__Stored data__
-------------------------

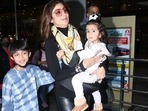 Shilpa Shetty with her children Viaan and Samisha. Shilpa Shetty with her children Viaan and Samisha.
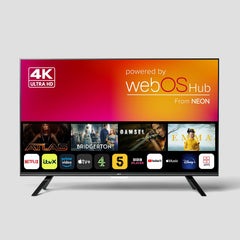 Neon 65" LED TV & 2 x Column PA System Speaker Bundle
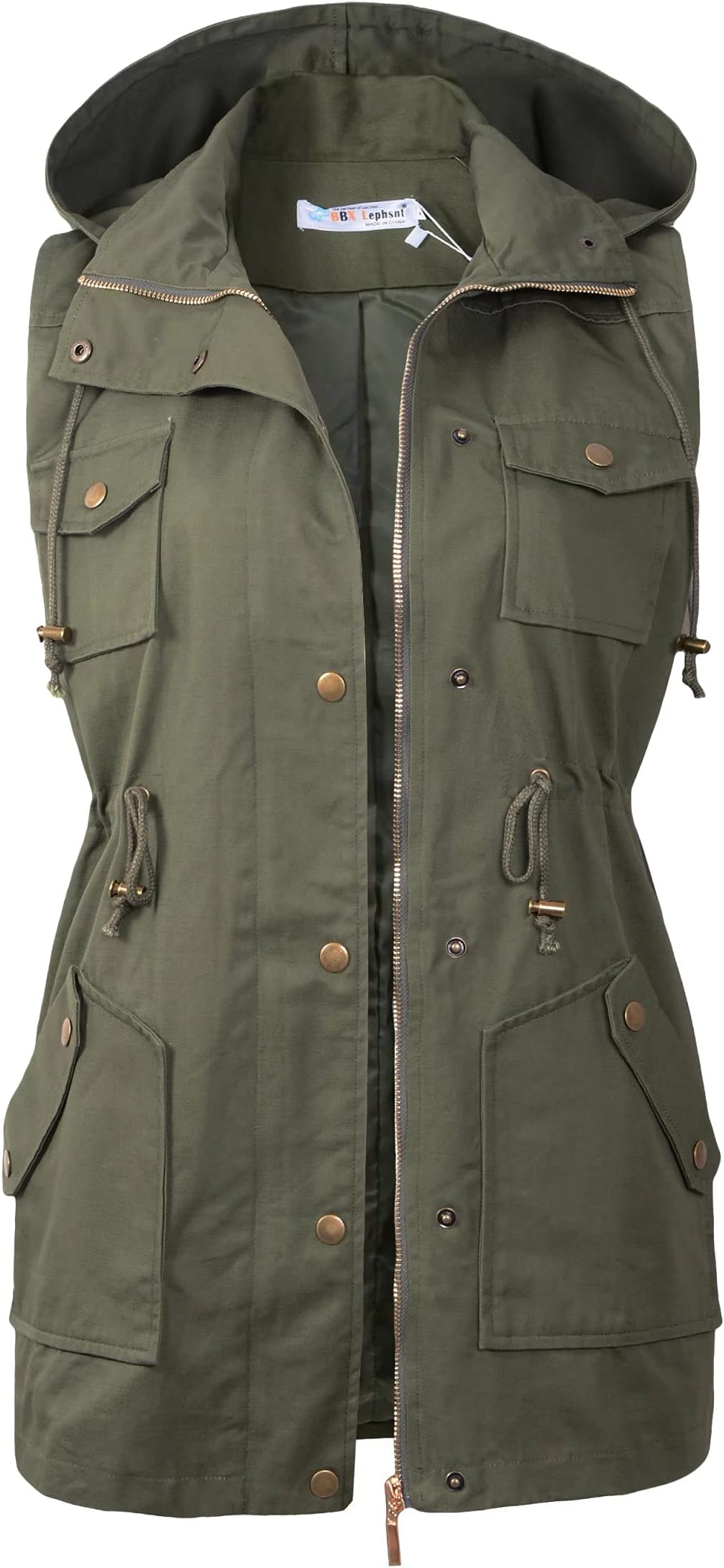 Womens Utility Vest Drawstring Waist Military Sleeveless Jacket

-------------------------

__About this exercise__
The lines running from the one with "System Speaker Bundle" to the close of the material above are to be retyped exactly; no picture is to be included.

__Answer to this problem__
 Neon 65" LED TV & 2 x Column PA System Speaker Bundle
 Womens Utility Vest Drawstring Waist Military Sleeveless Jacket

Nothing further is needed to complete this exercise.